Les différentes saisons déclinent alors, par de multiples rebondissements, la manière dont nos deux compères parviennent à naviguer en eaux troubles, frôlant la mort à de multiples reprises. Le tout est servi par des scénaristes percutants, une esthétique nourrit par des prises de vues étonnantes, les paysages grandioses du Nouveau-Mexique où le soleil règne sans partage sur le ciel, et surtout une galerie de personnages attachant.

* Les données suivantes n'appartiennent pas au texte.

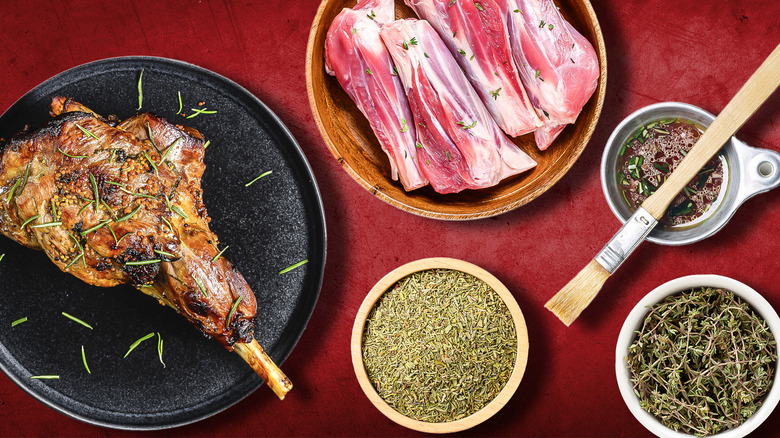 A leg of lamb surrounded by herps and sauce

Parmi eux, je suis tenté d’adresser une mention spéciale à la femme de Walter, fausse blonde ingénue au caractère bien trempé, à son beau-frère policier à la brigade antidrogue, un bon vivant adepte d’un humour cynique un peu lourd, à l’avocat de la famille, stéréotype de son état au bagout intarissable et adepte d’un bling-bling digne des premières années Sarkozy, et enfin au parrain de la mafia locale, un latino pourvu d’une intelligence implacable et d’une impassibilité à toute épreuve. Comme toute bonne série, ces différents ingrédients s’associent à merveille pour créer un plat mitonné aux petits oignons à la valeur hautement addictive. Mais là, promis, vous ne risquez rien. Alors laissez-vous tenter !
Servi par Salvatore
Quelques informations complémentaires :
– Série créée par Vince Gilligan qui a écrit pendant de nombreuses années la série X Files.
– Quatre saisons déjà commercialisées en France, la cinquième est en cours de diffusion aux Etats-Unis. Leurs audiences sont en constante augmentation.
– La cinquième saison sera la dernière, mais se composera de deux séries de huit épisodes chacune qui seront diffusées en 2012 et 2013 (donc deux mini saisons, quoi…).
– Série récompensée par de nombreux prix (Emmy award du meilleur acteur pour Bryan Cranston en 2008, 2009, 2010, Satellite award de la meilleure série dramatique en 2009 etc.)